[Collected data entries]
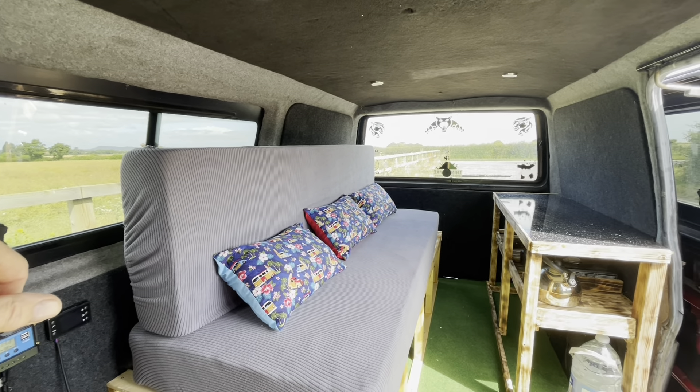Fitted the LED lights, plumbed in some solar from the roof, and obviously a new bed unit. The diesel heater fit is a separate video on my channel if you wish to see how that was fitted. A new leisure battery, switches, solar controller, fuse box, and of course the split charge to provide the power to the battery too.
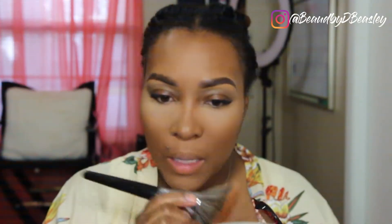To set my entire face I'm going to use this Lock It Powder in shade Deep 205. I'm still on the fence about this powder — I don't know if it does what I need it to do. I use it nonetheless. I actually got a lighter shade the first time that was too light — the Sephora lady picked it out.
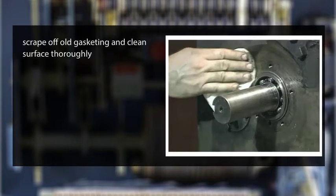When cleaning off the face of the reducer, be sure to scrape off any old gasketing and clean the surface thoroughly. The condition of the surface and the thickness of any gaskets or shims may be critical to the proper operation of the reducer.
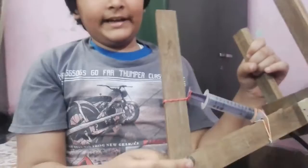These are the syringes, pipes, rubber bands, and these are the wooden pallets. So from these waste items we can make a very useful model.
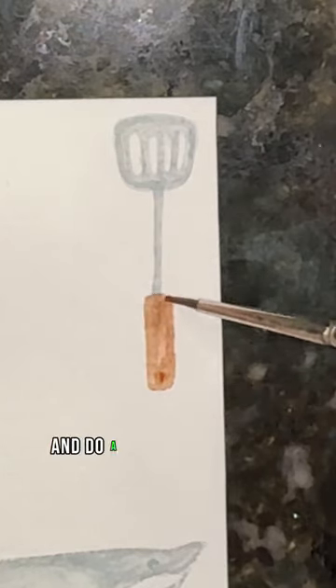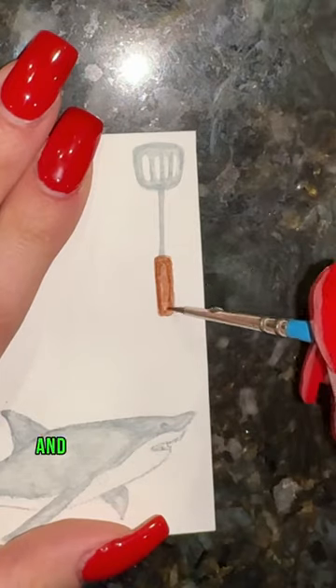Now you're going to take your brown and do a rectangle for your handle and start to add shading to the outside of that and blend it out and that's it.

**Exercise instructions:** The copy should hold exactly the lines from the line containing "When cleaning off" through the last line of the records, both included, and no pictures or other lines.

**Solution for this problem:**
When cleaning off the face of the reducer, be sure to scrape off any old gasketing and clean the surface thoroughly. The condition of the surface and the thickness of any gaskets or shims may be critical to the proper operation of the reducer.
These are the syringes, pipes, rubber bands, and these are the wooden pallets. So from these waste items we can make a very useful model.
Now you're going to take your brown and do a rectangle for your handle and start to add shading to the outside of that and blend it out and that's it.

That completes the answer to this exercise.